Tanto la ambientación de la época como el resto de los actores rallan a la mejor de las alturas posibles. Por supuesto, se trata de una adaptación. No cabe toda la obra literaria. Eso los críticos deberían saberlo, precisamente porque son críticos de cine. Una película es siempre el tráiler de un libro, no puede ser el libro. Además, como se trata de un arte diferente, a veces requiere cambios que, alejando el argumento del original, mejoren el resultado cinematográfico. Es el caso. Aunque hayan cometido pifias como todo el mundo, tanto Cuerda como Azcona (a quien va dedicada la película in memoriam) son adaptadores más que solventes y han hecho un trabajo impecable. El resultado emociona, sobrecoge y deja, como los buenos vinos, un regusto que ir rumiando luego, al abandonar la sala.

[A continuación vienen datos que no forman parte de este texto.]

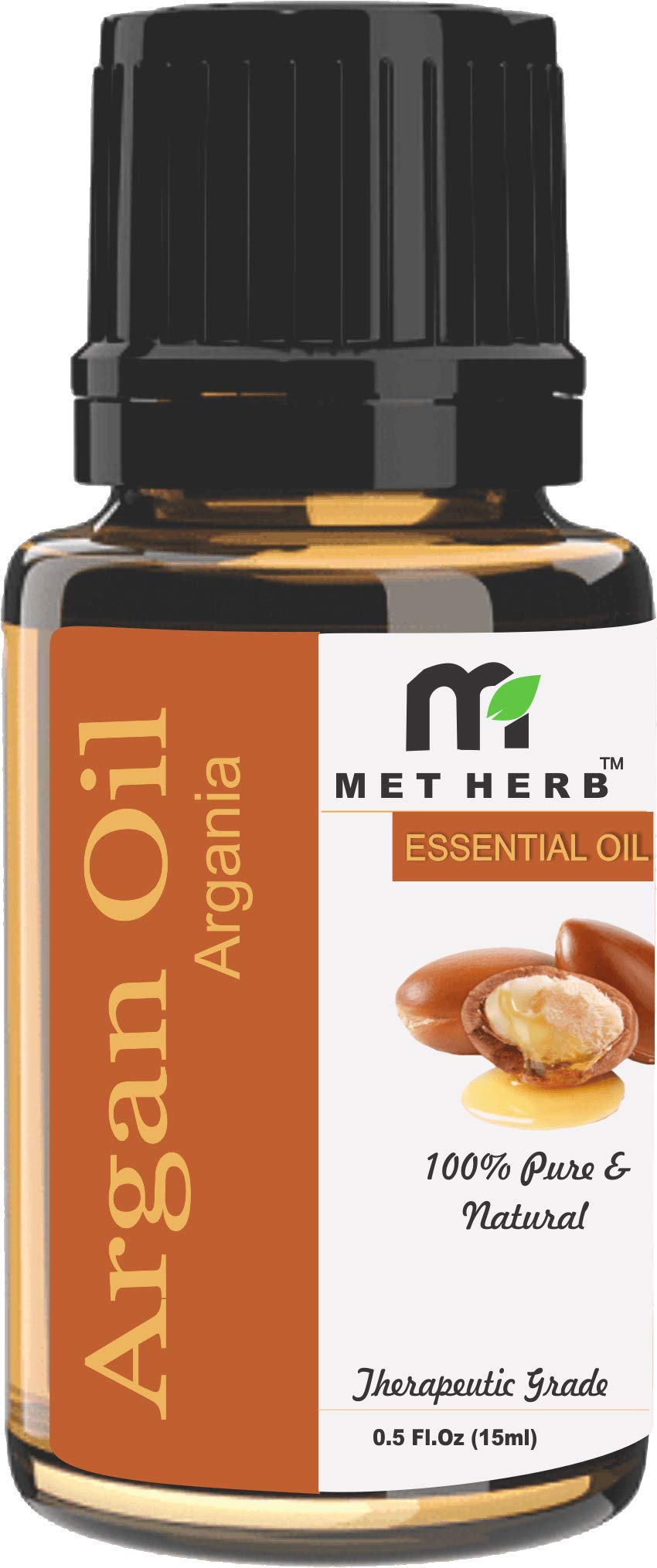 100% Pure Natural Argan Oil for Hair & Skin - 15ml Aromatherapy Essential Oil for Moisturizing, Anti-Aging & Relaxation | Perfect for Massage, DIY Beauty & Spa Treatments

No cometeré el error de decir que es perfecta. Hay algo que a mí me molesta en la película, sin llegar a impedirme que me sumerja en ella. Y es duro decirlo. Se trata del personaje interpretado por Javier Cámara. Fíjate que es buen actor, uno de mis favoritos. Y sin embargo aquí parece no terminar de entrar en la carne del intelectual que vive oculto tras el fondo corredizo de un armario y que siente que su capacidad de participar en las decisiones de su propia familia se va diluyendo a medida que pasan los días. Dicen que Cámara ha querido centrarse en el miedo que atenaza al personaje, pero aquí la contención parece más un corsé que un hallazgo. Es como (será cosa mía) si siguiera interpretando al cocinero homosexual de su anterior película, Fuera de carta, un filme muy inferior a este, que sin embargo, ahí sí, salvaba con su oficio. Pero de esto no dicen nada los críticos. Qué raro, ¿no?